Wednesday, December 15, 2010

A Christmas Story

Christmas was always really great at my house when my younger sister and I were kids, actually it is still really good now that we are both in our 30s. My father put up lights like Clark Griswald and filled our house with the sounds of his many soulful Christmas mixtapes. My mom filled our house with black Santa Clauses and since she taught at a mostly white school, her students would always hook her up with all kinds of Christmas baked goods and candy. She was also trying to raise good Christian children so there was always a really fly Nativity scene in the house with a black baby Jesus. I know this is all heart warming but I am about to write about the meanest thing I ever did at Christmas or ever for that matter.
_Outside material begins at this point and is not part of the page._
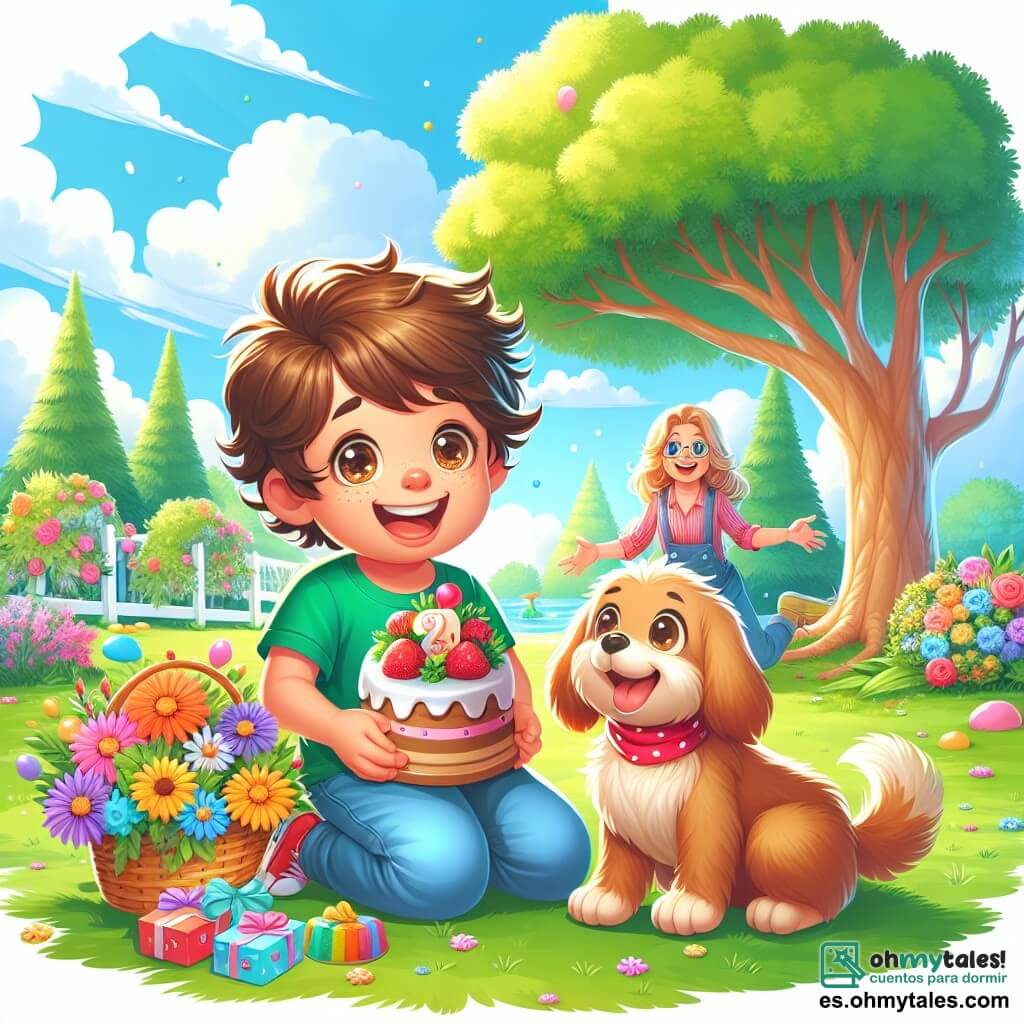 Un niño pequeño de 4 años, Lucas, con cabello castaño despeinado y grandes ojos brillantes de alegría, está sentado en una gran hoja verde bajo un árbol. Sonríe ampliamente, sosteniendo una pequeña cesta llena de flores coloridas y pasteles. A su lado, su fiel perro Max, un pequeño perro de pelaje dorado, mueve la cola con entusiasmo, mirando a Lucas con ojos llenos de amor. En el fondo, la mamá de Lucas, una mujer de unos 30 años con cabello largo y castaño, se acerca con una sonrisa emocionada, con los brazos abiertos para recibir a su hijo y a su perro. El lugar es un parque soleado, con árboles majestuosos, flores vibrantes y un cielo azul claro salpicado de nubes blancas. La escena muestra el momento mágico en que Lucas y Max sorprenden a la mamá con un picnic especial por el Día de la Madre, lleno de risas y amor.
It was Christmas 1986 and in my house we always asked for one big thing. That year, I asked for Metroplex a.k.a. Autobot City and my sister wanted a Rainbow Bright doll. These were pretty easy requests because they were popular toys that would be easy to find and relatively inexpensive. Well the price and availability was not the problem, at least with Metroplex. The problem was with Rainbow Bright. You see, every major toymaker that makes dolls makes an African American version of it's most popular dolls. Ironically Rainbow Bright was the exception so despite my sister's pleadings, that doll was not coming into our household. Now I know that seems a bit extreme, especially when it comes to a little girl's happiness at Christmas but before you new school parents flip out about it let me explain. Understand my sister and I were barely a generation removed from state sponsored segregation. My mother and father made that stand because they wanted to make sure that they were raising proud black children in the suburbs and if a toy company was not into acknowledging our culture they could not have any of my parent's hard earned money.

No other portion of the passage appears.